I would say that we keep it as it is.
Best regards,
Erik
On 2012-01-24 07:23, rich levinson wrote:
To TC:
We have been looking at the xsd for Policy and there is
a central
"choice" element that does not appear correct, although
for
mainstream Policies it probably does not show up.
The choice element is the following:
2028
<xs:choice maxOccurs="unbounded">
<xs:element ref="xacml:CombinerParameters"
minOccurs="0"/>
<xs:element ref="xacml:RuleCombinerParameters"
minOccurs="0"/>
<xs:element ref="xacml:VariableDefinition"/>
<xs:element ref="xacml:Rule"/>
</xs:choice>
This is the construct that allows multiple Rules in a
Policy, which, looking at
the Rule element alone, seems ok, as default is
minOccurs="1", and it
inherits maxOccurs="unbounded" from the choice element
itself.
However, very little else about this element appears to
make sense:
- Since this is a choice element, w minOccurs="1",
one could choose any
of the other 3 elements and nothing else, and the
result would be a
Policy with zero Rules. Does this make sense?

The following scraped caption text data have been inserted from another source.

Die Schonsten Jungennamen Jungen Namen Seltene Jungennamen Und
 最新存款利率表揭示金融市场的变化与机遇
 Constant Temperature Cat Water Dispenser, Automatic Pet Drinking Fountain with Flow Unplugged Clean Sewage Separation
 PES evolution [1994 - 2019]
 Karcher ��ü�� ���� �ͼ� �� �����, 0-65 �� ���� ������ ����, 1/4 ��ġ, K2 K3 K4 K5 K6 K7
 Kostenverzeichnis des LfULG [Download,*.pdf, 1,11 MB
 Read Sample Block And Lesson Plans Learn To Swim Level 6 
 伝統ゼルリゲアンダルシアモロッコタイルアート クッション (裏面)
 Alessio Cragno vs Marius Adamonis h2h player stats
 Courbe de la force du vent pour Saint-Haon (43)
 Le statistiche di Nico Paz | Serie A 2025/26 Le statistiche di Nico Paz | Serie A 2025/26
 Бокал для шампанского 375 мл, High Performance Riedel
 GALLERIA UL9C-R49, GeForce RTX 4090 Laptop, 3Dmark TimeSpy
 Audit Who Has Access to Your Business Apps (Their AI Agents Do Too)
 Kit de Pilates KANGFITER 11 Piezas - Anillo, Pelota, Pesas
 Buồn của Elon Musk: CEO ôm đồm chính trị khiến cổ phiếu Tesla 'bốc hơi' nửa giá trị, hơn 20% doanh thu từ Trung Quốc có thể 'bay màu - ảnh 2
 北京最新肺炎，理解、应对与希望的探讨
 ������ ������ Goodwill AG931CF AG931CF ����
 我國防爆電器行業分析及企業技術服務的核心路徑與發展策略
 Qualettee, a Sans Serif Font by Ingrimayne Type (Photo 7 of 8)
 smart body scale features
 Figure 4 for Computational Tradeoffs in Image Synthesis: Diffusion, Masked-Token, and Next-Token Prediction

- With zero Rules, even if you used the Policy to
define VariableDefinitions,
they cannot be referenced outside the Policy, and
since there are no
Rules in the Policy, there is nothing that would
ever use the
VariableDefinitions.
- Does it make sense to have multiple instances of
either CombinerParameters
or RuleCombinerParameters? i.e. can't all the
parameters be put in one
element in both cases? If not then why are these
elements in the choice
block that allows unbounded instances?
Please advise as to whether the above interpretation is
accurate. If so, we would
like to consider raising this as an issue for action.